* **Task goal**
The answer must consist of every line in the records below that contains the string "модная".

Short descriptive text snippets
Segment Open

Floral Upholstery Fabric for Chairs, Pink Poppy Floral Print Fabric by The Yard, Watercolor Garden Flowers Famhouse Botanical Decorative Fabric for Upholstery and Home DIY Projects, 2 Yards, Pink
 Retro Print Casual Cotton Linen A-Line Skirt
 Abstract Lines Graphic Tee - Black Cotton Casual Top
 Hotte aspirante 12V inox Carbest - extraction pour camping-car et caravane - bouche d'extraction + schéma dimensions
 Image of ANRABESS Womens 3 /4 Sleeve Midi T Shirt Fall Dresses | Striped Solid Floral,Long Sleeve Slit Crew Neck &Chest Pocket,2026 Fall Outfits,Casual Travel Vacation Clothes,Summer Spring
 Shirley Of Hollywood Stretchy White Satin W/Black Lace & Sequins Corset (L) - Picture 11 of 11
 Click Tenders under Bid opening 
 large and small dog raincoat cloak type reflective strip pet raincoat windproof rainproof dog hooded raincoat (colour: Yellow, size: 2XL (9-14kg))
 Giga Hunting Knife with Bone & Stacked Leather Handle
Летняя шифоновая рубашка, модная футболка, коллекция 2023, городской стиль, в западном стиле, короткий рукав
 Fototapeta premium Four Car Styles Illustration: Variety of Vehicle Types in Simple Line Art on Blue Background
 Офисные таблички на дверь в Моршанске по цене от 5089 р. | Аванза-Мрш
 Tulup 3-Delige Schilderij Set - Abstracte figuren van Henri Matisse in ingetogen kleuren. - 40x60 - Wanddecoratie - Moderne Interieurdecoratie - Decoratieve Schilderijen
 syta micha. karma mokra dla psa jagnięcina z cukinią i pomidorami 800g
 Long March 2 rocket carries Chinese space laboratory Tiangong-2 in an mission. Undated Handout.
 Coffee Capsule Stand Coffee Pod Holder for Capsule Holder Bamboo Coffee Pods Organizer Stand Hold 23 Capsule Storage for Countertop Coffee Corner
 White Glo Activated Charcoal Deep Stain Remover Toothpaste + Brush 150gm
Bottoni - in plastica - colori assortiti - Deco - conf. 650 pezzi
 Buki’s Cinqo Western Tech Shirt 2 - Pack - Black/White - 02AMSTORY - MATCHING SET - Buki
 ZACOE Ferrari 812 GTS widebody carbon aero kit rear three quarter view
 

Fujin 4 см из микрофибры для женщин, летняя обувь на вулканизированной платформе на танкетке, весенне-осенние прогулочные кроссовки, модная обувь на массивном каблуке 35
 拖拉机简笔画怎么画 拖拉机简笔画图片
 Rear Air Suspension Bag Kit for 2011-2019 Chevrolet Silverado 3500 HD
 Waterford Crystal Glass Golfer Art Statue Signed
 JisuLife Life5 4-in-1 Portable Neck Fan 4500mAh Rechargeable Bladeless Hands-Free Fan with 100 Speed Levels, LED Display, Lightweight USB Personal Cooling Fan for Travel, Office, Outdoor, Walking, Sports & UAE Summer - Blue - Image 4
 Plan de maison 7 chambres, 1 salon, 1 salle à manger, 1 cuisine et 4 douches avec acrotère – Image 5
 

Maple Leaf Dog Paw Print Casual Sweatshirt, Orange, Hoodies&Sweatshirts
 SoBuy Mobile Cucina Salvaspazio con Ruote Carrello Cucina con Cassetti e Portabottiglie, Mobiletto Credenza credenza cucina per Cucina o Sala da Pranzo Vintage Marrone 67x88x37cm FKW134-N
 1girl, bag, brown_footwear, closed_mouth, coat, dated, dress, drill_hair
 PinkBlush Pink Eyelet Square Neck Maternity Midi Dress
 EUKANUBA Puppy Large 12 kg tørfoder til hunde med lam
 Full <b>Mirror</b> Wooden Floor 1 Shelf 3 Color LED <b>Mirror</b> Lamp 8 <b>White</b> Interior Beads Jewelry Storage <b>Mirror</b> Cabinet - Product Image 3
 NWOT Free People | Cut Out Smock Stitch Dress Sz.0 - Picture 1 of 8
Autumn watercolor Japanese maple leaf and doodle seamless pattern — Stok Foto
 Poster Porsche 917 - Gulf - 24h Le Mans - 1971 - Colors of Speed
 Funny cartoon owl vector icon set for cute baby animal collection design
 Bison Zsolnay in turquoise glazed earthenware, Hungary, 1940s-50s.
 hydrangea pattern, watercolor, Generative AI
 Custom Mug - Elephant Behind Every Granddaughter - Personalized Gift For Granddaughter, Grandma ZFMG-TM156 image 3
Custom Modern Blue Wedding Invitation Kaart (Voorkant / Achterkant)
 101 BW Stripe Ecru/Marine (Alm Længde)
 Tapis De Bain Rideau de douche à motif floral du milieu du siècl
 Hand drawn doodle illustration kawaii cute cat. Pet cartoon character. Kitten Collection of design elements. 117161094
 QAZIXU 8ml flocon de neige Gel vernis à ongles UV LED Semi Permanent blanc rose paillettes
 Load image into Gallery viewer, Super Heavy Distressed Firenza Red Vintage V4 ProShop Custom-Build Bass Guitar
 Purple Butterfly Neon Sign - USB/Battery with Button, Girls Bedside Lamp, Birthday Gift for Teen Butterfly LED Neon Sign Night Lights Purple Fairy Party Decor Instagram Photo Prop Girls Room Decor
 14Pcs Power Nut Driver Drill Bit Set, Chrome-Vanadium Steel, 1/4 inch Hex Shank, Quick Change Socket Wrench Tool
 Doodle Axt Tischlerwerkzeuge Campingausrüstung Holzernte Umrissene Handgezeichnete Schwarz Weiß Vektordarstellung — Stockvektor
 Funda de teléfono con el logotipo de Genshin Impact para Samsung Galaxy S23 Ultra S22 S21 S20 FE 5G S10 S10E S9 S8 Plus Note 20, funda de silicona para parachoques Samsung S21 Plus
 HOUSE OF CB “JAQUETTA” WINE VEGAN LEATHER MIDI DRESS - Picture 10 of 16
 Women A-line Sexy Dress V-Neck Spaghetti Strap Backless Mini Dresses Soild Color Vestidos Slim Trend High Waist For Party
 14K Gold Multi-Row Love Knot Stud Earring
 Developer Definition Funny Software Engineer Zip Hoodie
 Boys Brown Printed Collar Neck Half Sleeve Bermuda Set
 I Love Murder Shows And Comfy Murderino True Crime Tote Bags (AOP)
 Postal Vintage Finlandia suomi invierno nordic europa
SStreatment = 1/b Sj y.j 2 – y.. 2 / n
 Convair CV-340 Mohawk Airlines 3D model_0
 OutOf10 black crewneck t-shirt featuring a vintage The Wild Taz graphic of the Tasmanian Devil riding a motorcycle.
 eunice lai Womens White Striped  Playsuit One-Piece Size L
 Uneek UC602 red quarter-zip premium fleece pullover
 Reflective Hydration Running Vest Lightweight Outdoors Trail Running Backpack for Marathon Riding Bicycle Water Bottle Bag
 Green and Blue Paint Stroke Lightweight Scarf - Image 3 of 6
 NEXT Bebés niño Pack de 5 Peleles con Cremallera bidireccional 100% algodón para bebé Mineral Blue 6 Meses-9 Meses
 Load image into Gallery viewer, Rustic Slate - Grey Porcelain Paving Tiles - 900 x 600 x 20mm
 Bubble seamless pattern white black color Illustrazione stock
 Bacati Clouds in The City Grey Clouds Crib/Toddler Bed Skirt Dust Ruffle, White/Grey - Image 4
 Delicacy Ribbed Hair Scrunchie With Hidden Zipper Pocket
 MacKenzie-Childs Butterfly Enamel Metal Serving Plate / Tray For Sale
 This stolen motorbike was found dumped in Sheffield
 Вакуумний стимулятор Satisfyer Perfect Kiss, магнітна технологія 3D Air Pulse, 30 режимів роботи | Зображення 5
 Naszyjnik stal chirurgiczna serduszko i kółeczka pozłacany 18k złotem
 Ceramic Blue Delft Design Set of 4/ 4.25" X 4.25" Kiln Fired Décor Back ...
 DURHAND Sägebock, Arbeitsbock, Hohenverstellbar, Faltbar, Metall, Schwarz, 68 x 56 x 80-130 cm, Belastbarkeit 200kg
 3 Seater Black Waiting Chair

Segment Closed

* **Response area**
Летняя шифоновая рубашка, модная футболка, коллекция 2023, городской стиль, в западном стиле, короткий рукав
Fujin 4 см из микрофибры для женщин, летняя обувь на вулканизированной платформе на танкетке, весенне-осенние прогулочные кроссовки, модная обувь на массивном каблуке 35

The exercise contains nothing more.